It was a tedious, trying, tiring trip. But so worth the effort. There is a lot of misinformation that gets spread about traveling to this part of Kashmir because who the hell, is going to to go there and check, right? But I will try to be as honest as possible.
Let’s start from the beginning, first. Having covered the Mughal Road (which I will share in a later post), I spent a night in Srinagar and the next day I was on the way to Dawar. Driving as much as I do, does get exhausting but thankfully this time around, I was with a local, who couldn’t drive but was fabulous company. Anyone who tells you it’s safe or pleasant to travel to Gurez by yourself, whether you are a man or woman is making stuff up. I don’t take other people’s word for anything. Only once I had travelled to Kashmir by road a number of times with a maid, a cook, an assistant and my cousins did I start driving down by myself and even now, in December/ January I think a million times before doing so. Kashmir, IS A CONFLICT ZONE! Please, don’t listen to a sales pitch right now and think it’s all hunky dory.

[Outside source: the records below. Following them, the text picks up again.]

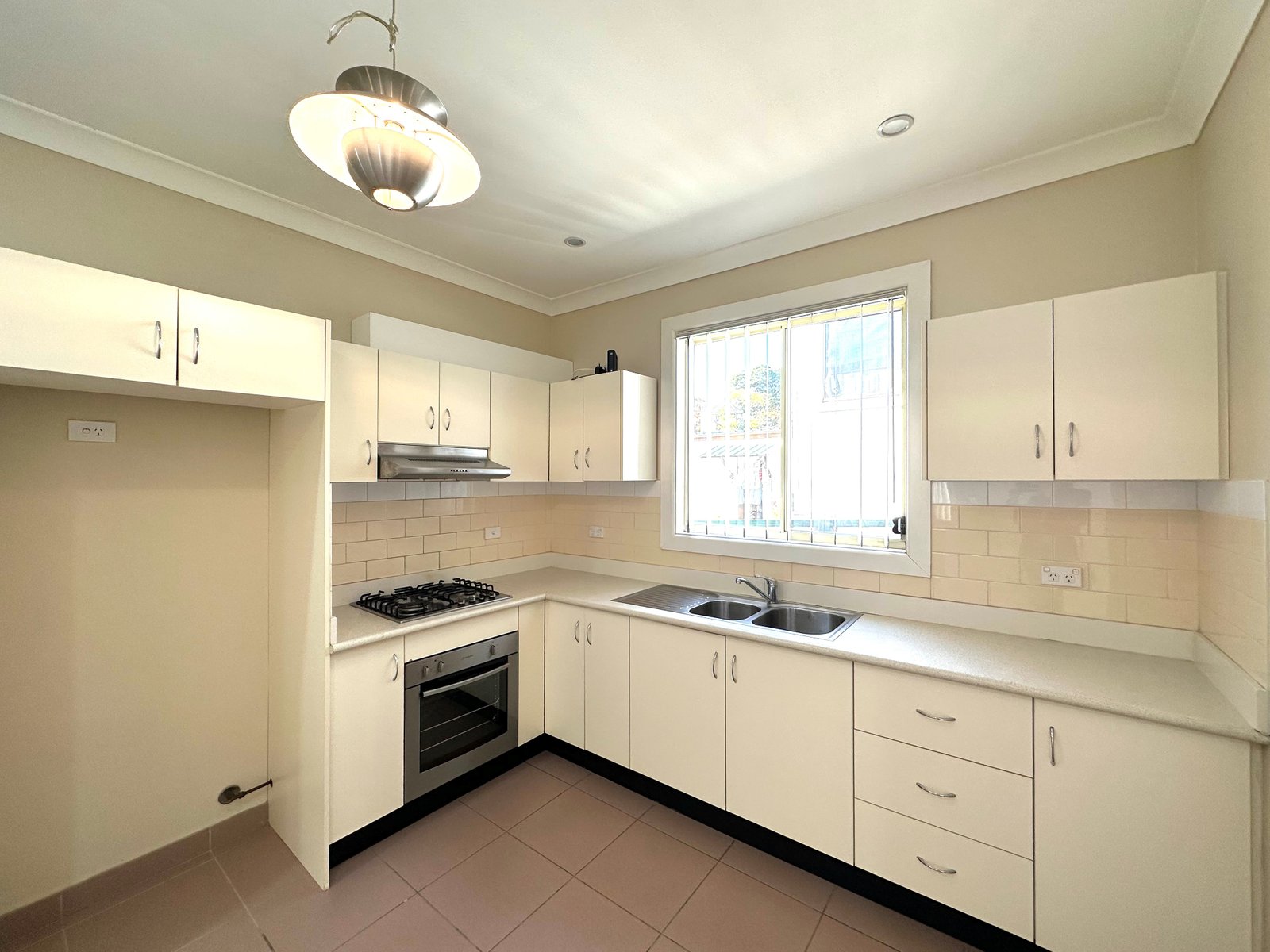 3/40 Dennis Street LAKEMBA 2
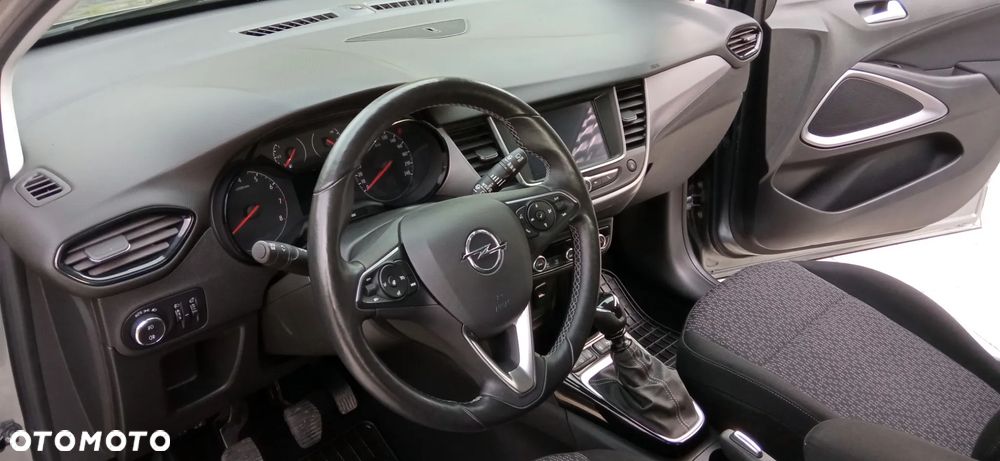 Opel Crossland X 1.2 T Enjoy S&S - 19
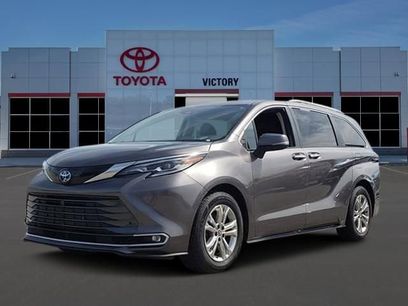 Used 2023 Toyota Sienna Platinum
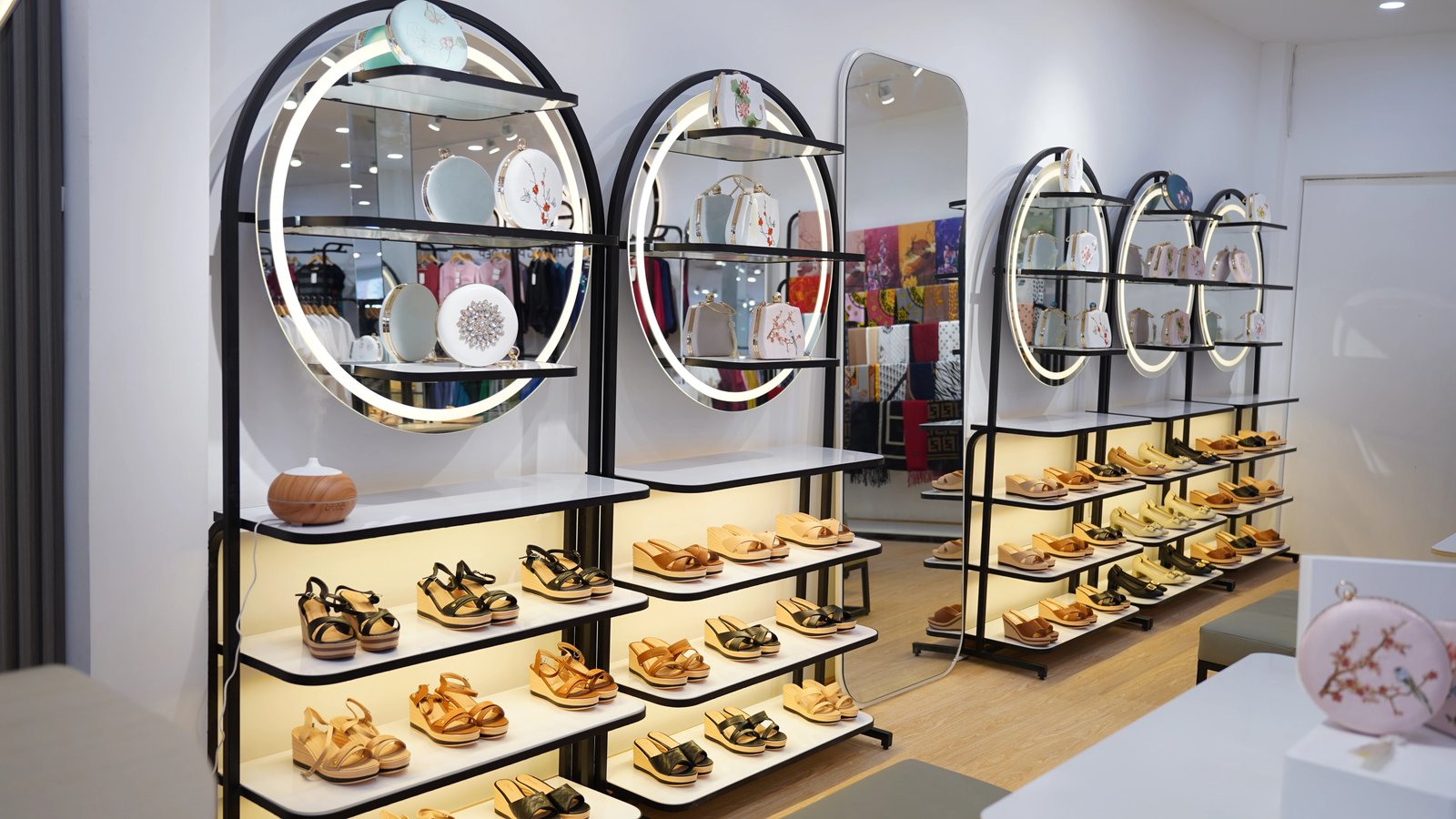 Cửa hàng giày dép với đa dạng mẫu mã phù hợp cho phụ nữ tuổi 50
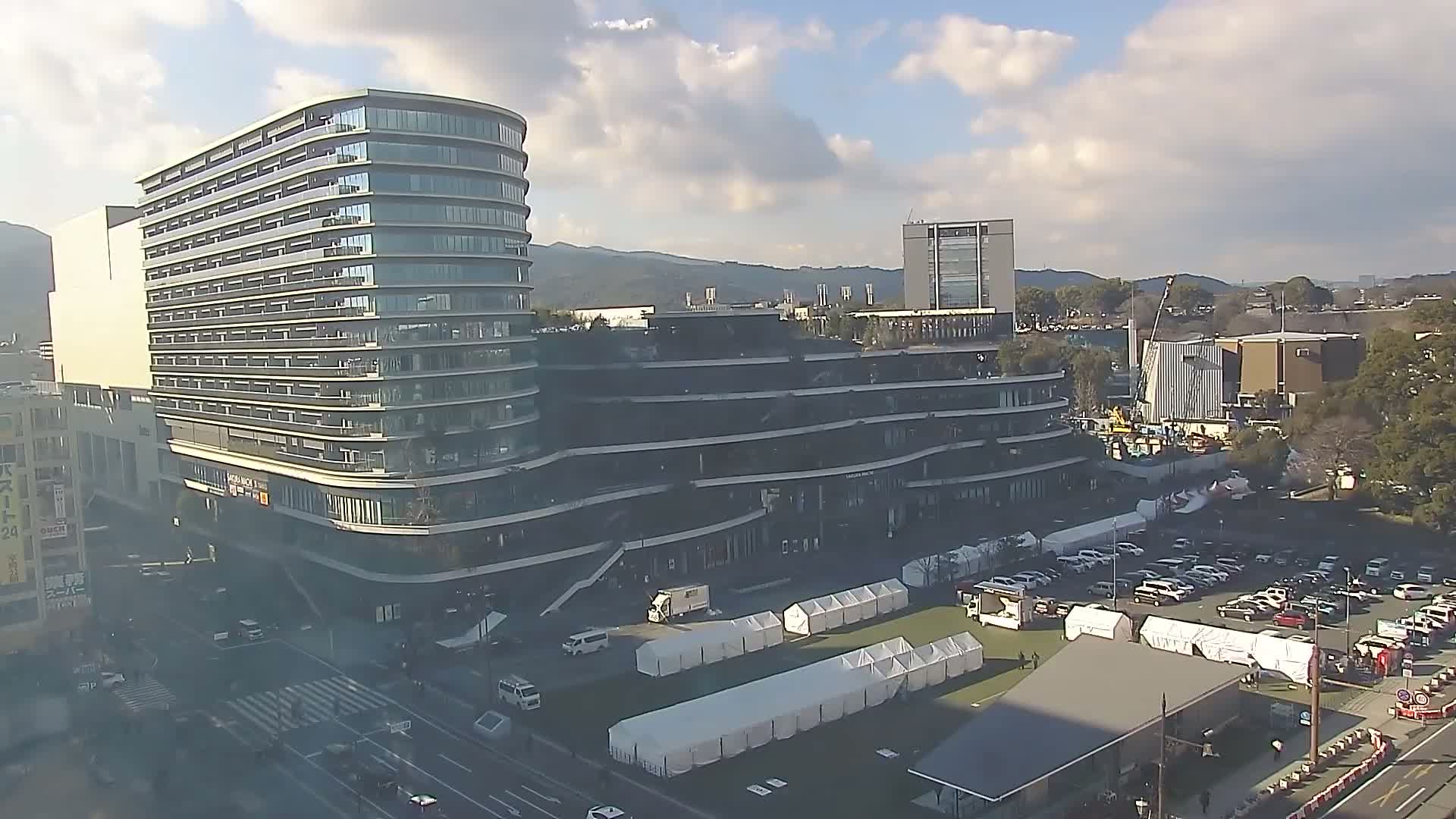 Kumamoto, Sakuramachi Kumamoto Mall & Hanabata Plaza Square ( 熊本・サクラマチクマモトモール＆花畑プラザ広場)  Live Cam - Shinshigai, Chuo Ward, Kumamoto, Kyushu, Japan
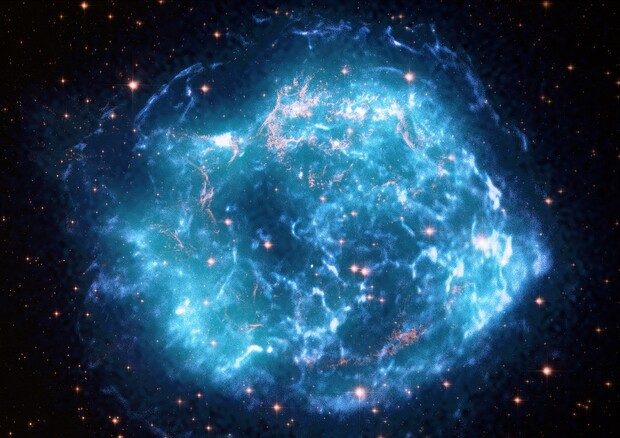 Immagine composita del resto di supernova Cassiopea A (fonte: X-ray: Chandra: NASA/CXC/SAO, IXPE: NASA/MSFC/J. Vink et al.; Optical: NASA/STScI) © Ansa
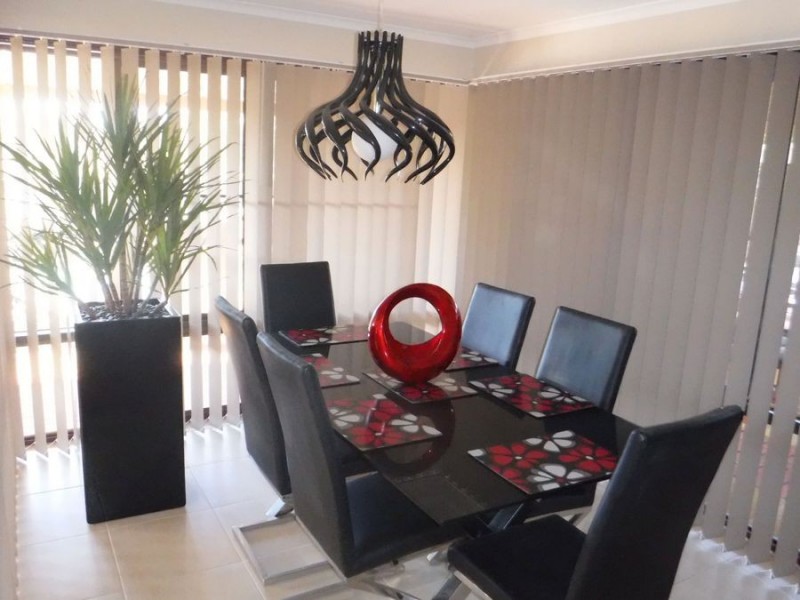 7 Sims Road, Oakhurst QLD 4650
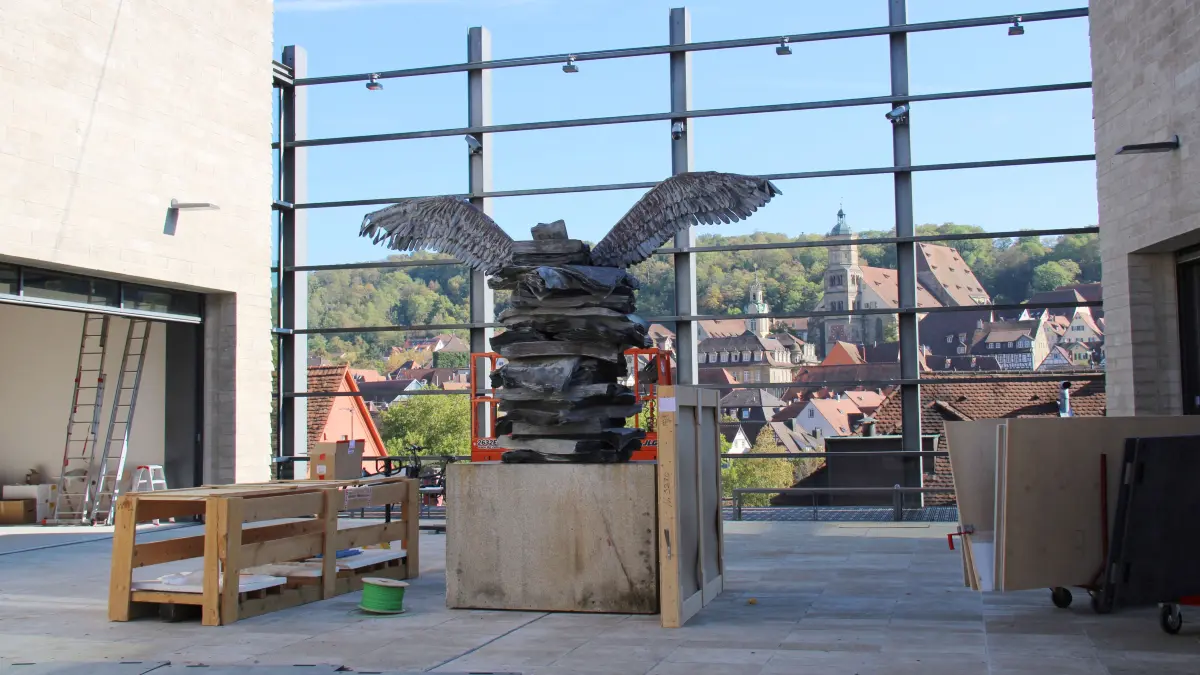Wenige Tage vor der Wiedereröffnung der Kunsthalle Würth in Schwäbisch Hall. Das Team bereitet richtet die große Ausstellung "Anselm Kiefer. Alles, was der Fall ist - Sammlung Würth und Leihgaben" ein.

Having warned you, let me also tell you, Kashmiri’s are lovely as are the Dard’s , the Shina speaking tribe of Gurez. They are warm and hospitable and they make great company. To reach this lovely, secluded area, you will have to first go to Bandipora, which is a couple of hours and a little more than 60 kms away from Srinagar. This is the dodgy area. The encounters and search operations in Bandipora, make it difficult for people to travel to Tulail.
Beyond this point, it’s totally militarised. There are multiple check points, where I hear people are turned back from, especially foreign nationals. In the past, I was turned back, but this time around, from the Army, to the JKP to the BSF, all seemed very friendly. Honestly, I was shocked at how, polite they were. Since, I was driving, I thought I would be asked to get off the car at the check points but they just asked my companion to take my ids with him, while they chatted (checked on me) with me.
Is it safe? Well, on the way back, in Bandipora, there was an encounter going on due to which they were redirecting the traffic. It’s safer to be a tourist in Kashmir, than to be a local!